Not sure if this is an R or RStudio issue, but printing a malformed column runs out of memory


#1

The following runs me out of memory on OSX with both R3.5 and RStudio 1.1.453. I think it is a mal-formed read of a CSV and then something very bad in the string presentation layer. Only try this if you are willing to run out of memory and force-quit R/RStudio.

# from https://public.tableau.com/s/resources?qt-overview_resources=1
mframe = read.table("https://public.tableau.com/s/sites/default/files/media/IHME_GBD_2010_MORTALITY_AGE_SPECIFIC_BY_COUNTRY_1970_2010.csv",
                    # quote = '"',  # MISTAKE of omission, file uses single quote as apostrophe, need to set quote to just double
                    header=TRUE, sep=",", stringsAsFactors=FALSE)
dim(mframe)
unique(mframe$Country.Name)  # Boom! out of memory

(If you get a partial file download failure, go ahead and retry it. I got this effect on a local copy of the file).
Uncommenting the re-definiton of quote seems to fix it. BTW the data is crap, with "death rates per 100,000" in the 300,000 range.


#2

Does it work fine directly in R?


#3

No, it seems to have the same problem in R. It feels like something in the printing/presentation layer- but I wasn't sure how much of that is shared by R and and RStudio.
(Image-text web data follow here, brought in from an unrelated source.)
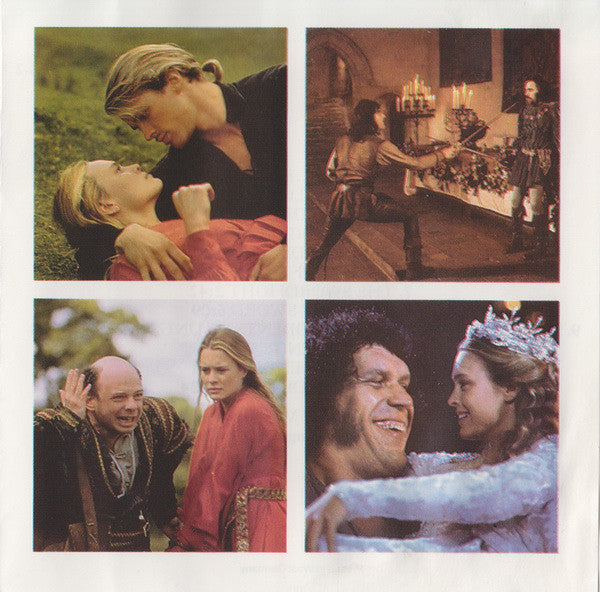the-princess-bride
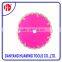 silent brick & block saw blade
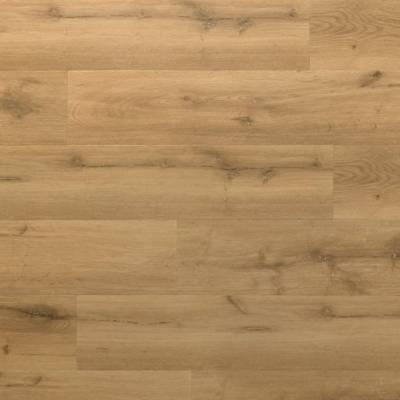 Panele Winylowe SPC LVT Glow z podkładem DOU-611-IB Klasa 33 5 mm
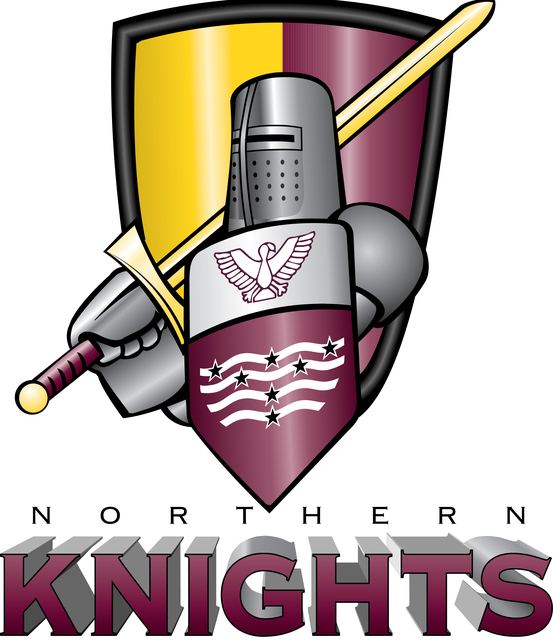 Northern Districts cricket team thesportseaglecozawpcontentuploadsNorthernK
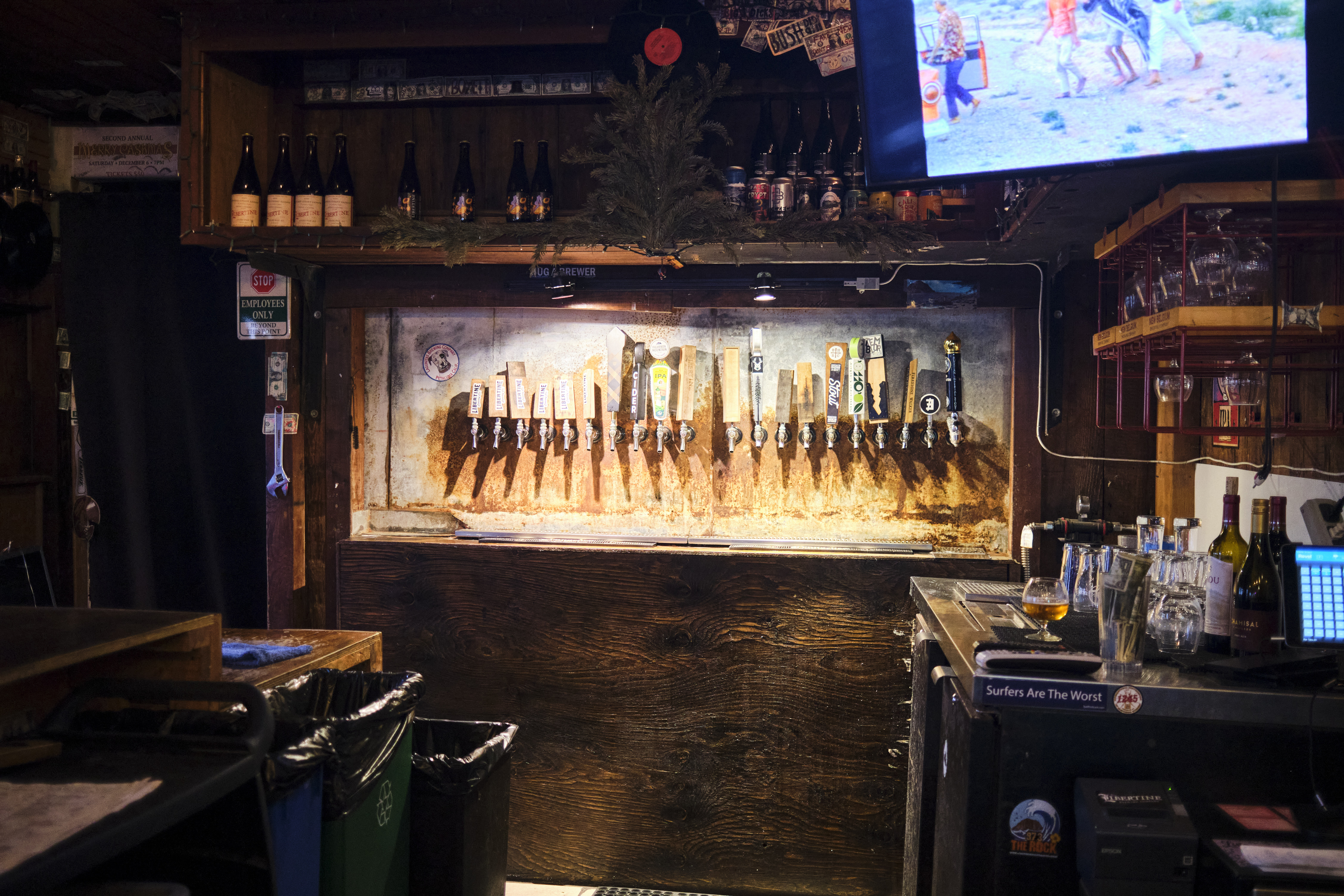 Image "DSCF5891.jpg"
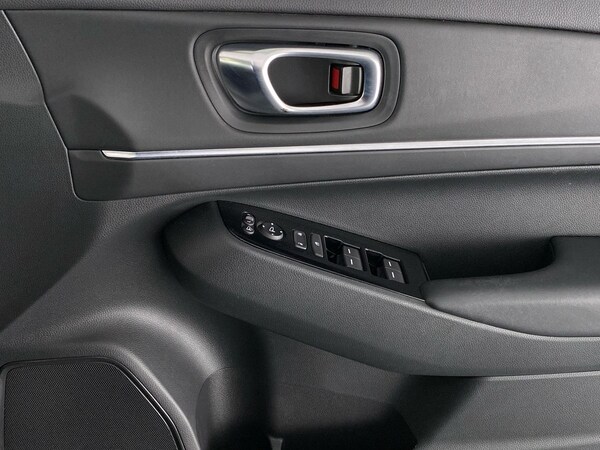 Used Honda HR-V 2022 for sale - 75673928: Photo 26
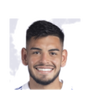 Foto de J. Carrasco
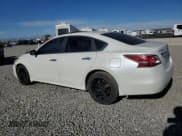 ✅ 2014 Nissan Altima SL • VIN: 1N4BL3AP8EC191417 • Лот: 93766855. Опубликован ранее на Copart с пробегом 132 028 миль. Бесплатный доступ к архиву аукционных продаж из США и подробный отчёт об истории автомобиля на DreamBid. Изображение 2.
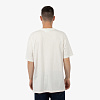 Лонгслив Han Kjøbenhavn Demon Print Boxy Tee Long Sleeve (Арт.M-132877-White)
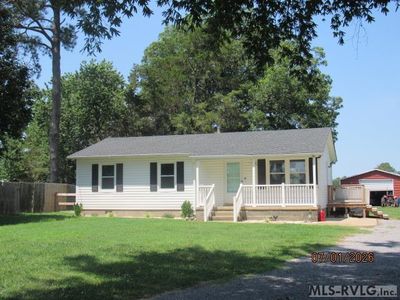 106 Spiers Rd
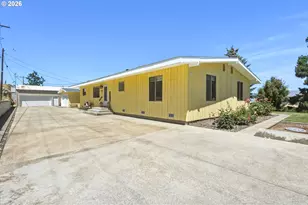 2485 Steele Rd, The Dalles, OR 97058 - Photo 6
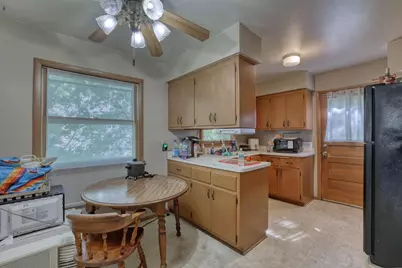 6560 N 54th St #6562, Milwaukee, WI 53223 - Photo 25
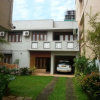 Отель ESH Residence, фото 7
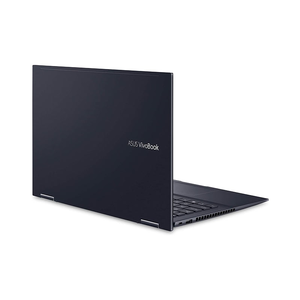 لپ تاپ 14 اینچی ایسوس مدل Asus VivoBook TM420UA-EC028-3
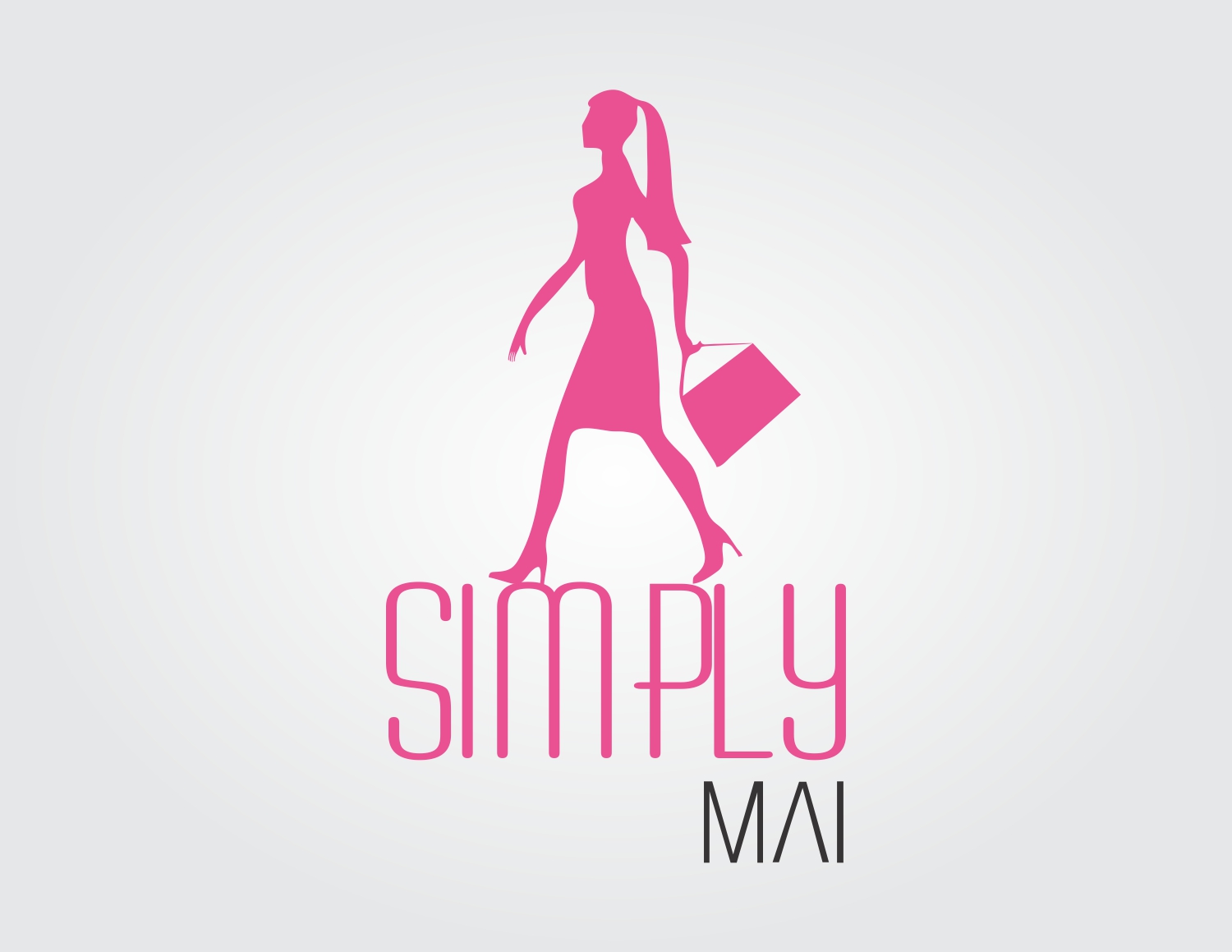 Design de Logo par Sudhir Jhanjhot pour Simply Mai | Design #11009382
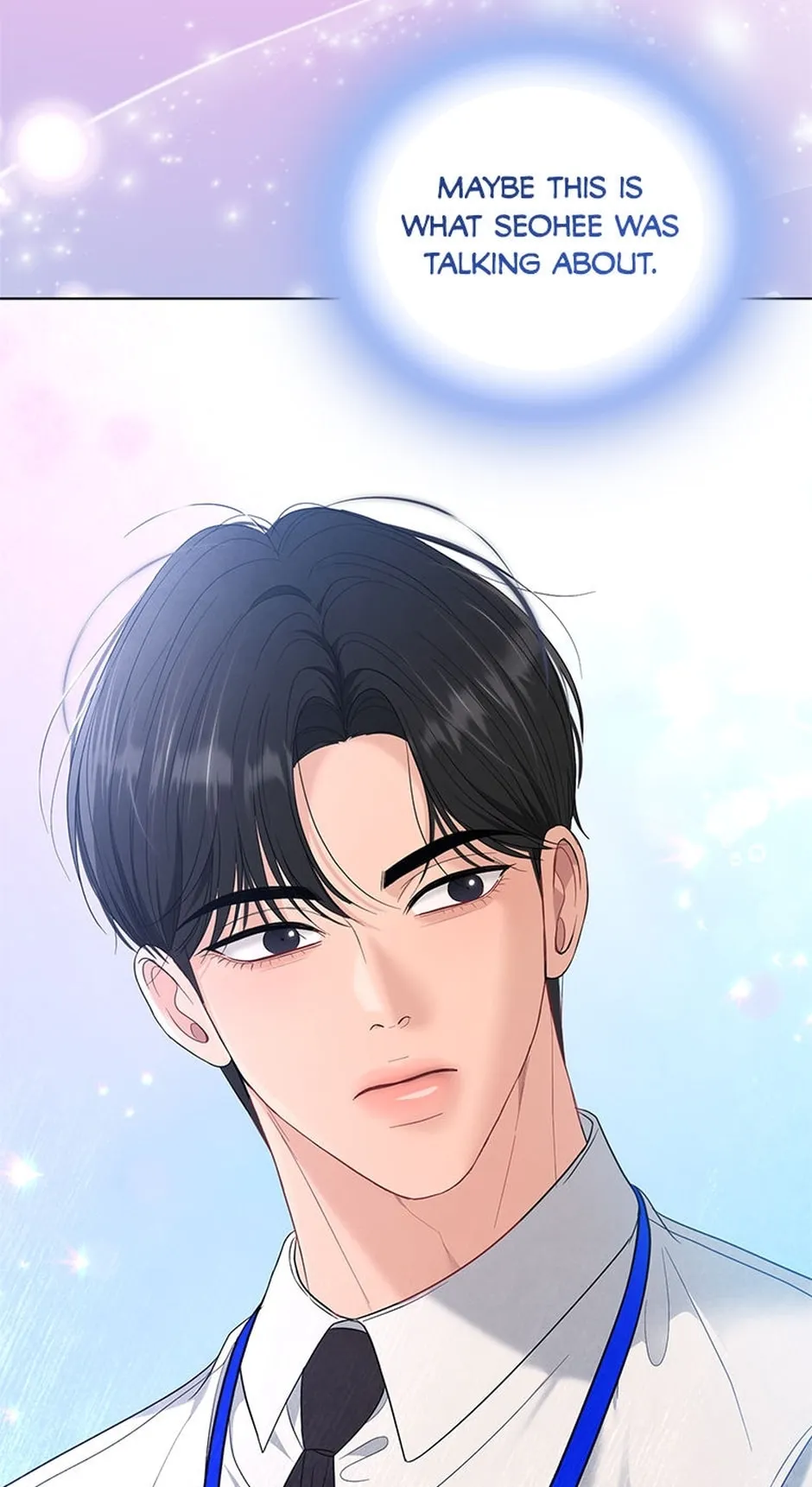 Erasing My Ex-Husband Chapter 30 page 62 - 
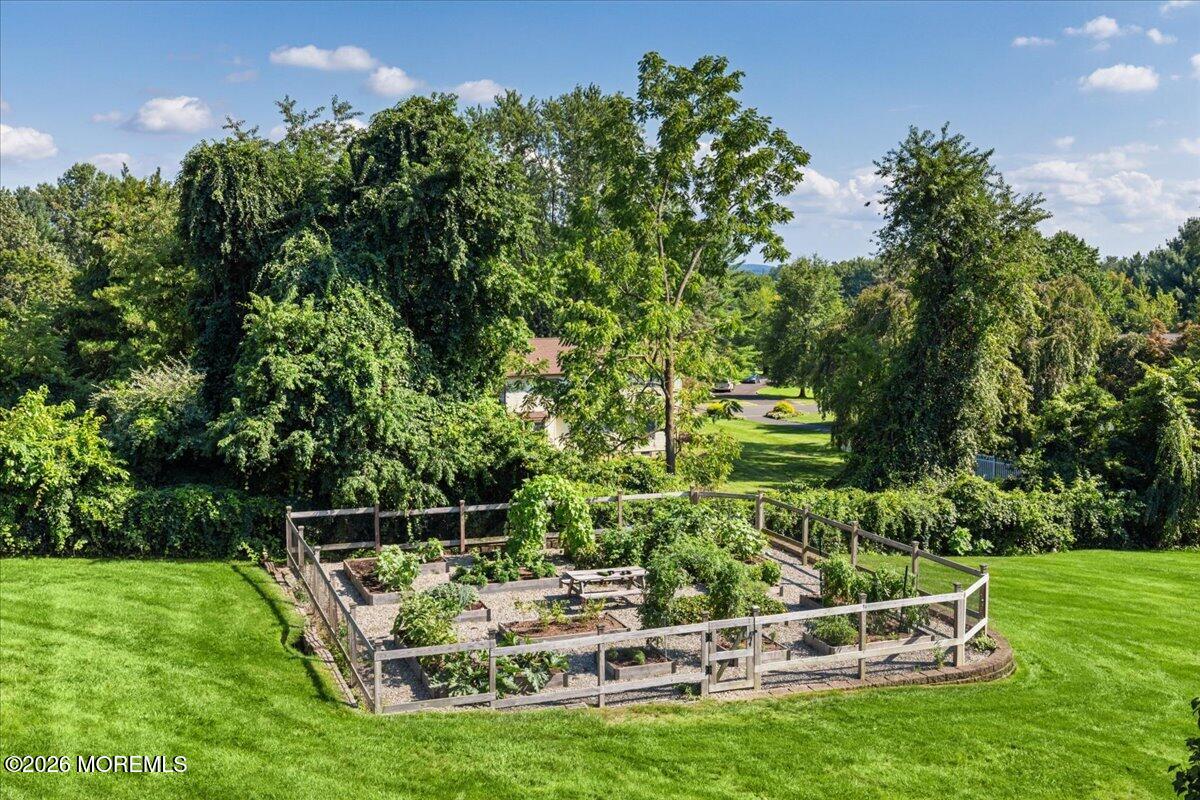 2 Cindy Court Holmdel NJ 07733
Maybe it is Apple/OSX causing the problems.


#4

There's definitely something off in that data set:

> max(nchar(mframe$Country.Name))
[1] 947304

I suspect it's the attempt to print this very long country name that's causing the issue?


#5

The set somewhat works if you uncomment the quote-redifining line. But the original is really tiny. I am not actually working with it as the data quality was also low.